It was only a few minutes into Jacky Lee’s The Fatal Raid when I thought for a moment I may be having a stroke. I couldn’t understand the subtitles on screen, and the scenes kept awkwardly fading to black with every transition. I couldn’t make heads or tails of anything I was seeing, but after several more minutes I came to the realization that it was, in fact, the movie, and not an emergency health issue.
To be fair, the poorly translated subtitles may just be the advance copy I was watching, but this did inhibit my ability to follow the plot, such as it is, not being a native Cantonese or Mandarin speaker.
The Fatal Raid begins with a slow-motion police shootout taking place in Macao in 1998, which sends ripples through the lives of all the officers who survived the ordeal, an event that will resurface 20 years later. Two of the officers involved in that incident are sent back to Macao to protect their police chief, but after their car gets attacked by a group of petty thugs trying to become famous, someone from their past re-emerges and vows revenge. I guess? Everyone’s motivations are surface level at best, but the lack of any sort of logic becomes apparent very quickly.
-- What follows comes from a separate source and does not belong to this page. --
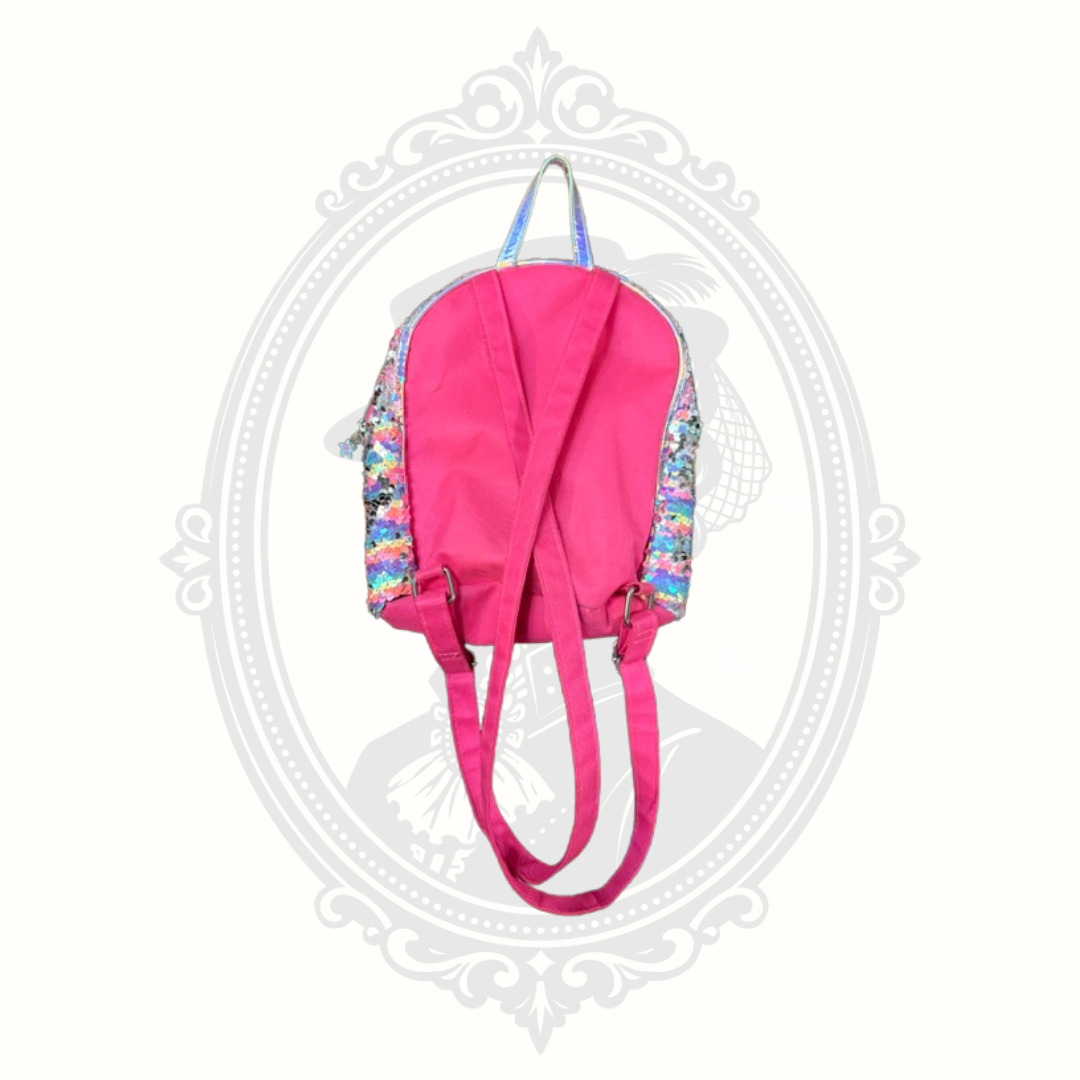 Justice Rainbow Reversible Sequin Mini Backpack with Glitter Letter E & BFF Charms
Lee seems to be attempting to harken back to the ’90s-style Chinese action flicks, with copious amounts of slow motion, softcore porn-style music and silly plot tropes. For instance, Patrick Tam plays the male lead, Officer Tam, whose nonsensical motivation appears to be that his wife is dying in the hospital for some reason. The frequent fade-out/fade-in transitions become grating very quickly and add to the questionable editing choices. One scene looked like an SNL sketch, with the police captain addressing the officers but, while doing so, gazing strangely off camera as if he was reading a cue card, never making eye contact with any of them.
In its native of China, this film is billed as the sequel to 2016’s Special Female Force, and although I haven’t seen that title, it looks like the only similarity is that both involve a group of female officers. This aspect of The Fatal Raid is hamfisted and sloppy, feeling less like a women’s-empowerment flick and more like a trashy “hot chicks with guns” movie, with the thoroughly one-dimensional characters spouting off absurd lines, such as “We’re very capable policewomen!” The movie is tonally all over the place, with the bulk if it playing like an all-too-serious police drama but randomly sprinkling in these comedic beats that simply don’t work within the context of the film.
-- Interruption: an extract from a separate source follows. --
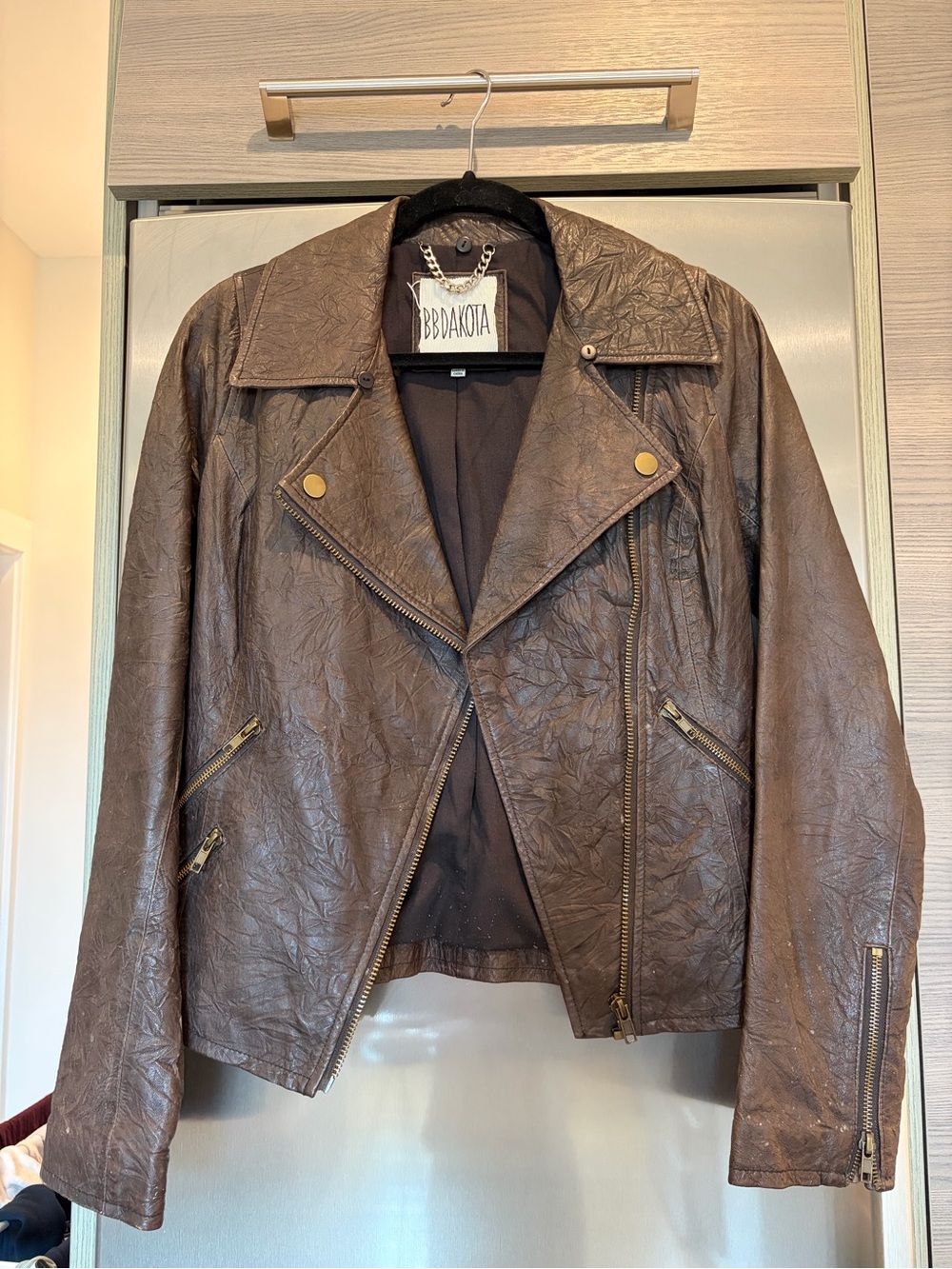 BB Dakota Dark Brown Leather Asymmetrical Moto Jacket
The fighting is well choreographed, or so I suspect; the camera is so shaky during these scenes that it’s hard to tell for sure. There are lots of shot-outs and explosions, but they’re all uninspired and don’t amount to much. Frequently there are moments when you see a character shooting at an enemy and another character on that team will step directly in front of the line of fire. I’d say friendly fire was turned off for this movie, but an incident early on in the runtime proves otherwise.
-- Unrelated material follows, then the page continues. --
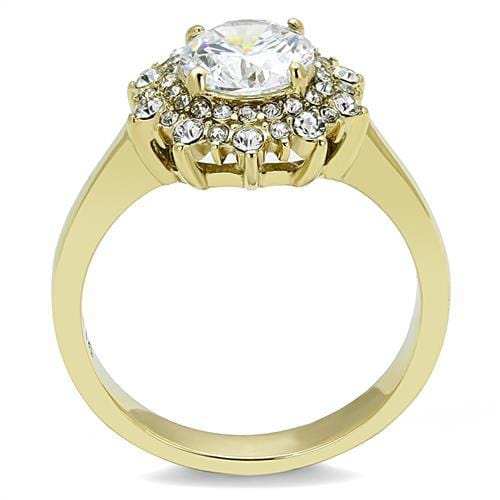 TK3035 - IP Gold(Ion Plating) Stainless Steel Ring with AAA Grade CZ in Clear - Alamode - Flyclothing LLC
In one moment during the climactic shootout we hear the dramatic music swell, and we’re meant to be feeling the weight of what’s transpiring on screen, but there’s no emotional heft, having been given no reason to feel any certain way about these people. Then, in the very next second during the same scene, there’s a sharp tonal shift, and the music changes to a goofy pop song and features a comedic gag. After these 30 seconds of awkwardly placed comedy, we’re back in the dramatic music again. Sporadic and disheveled, The Fatal Raid is a film without a voice that throws everything at the screen with no discernible structure.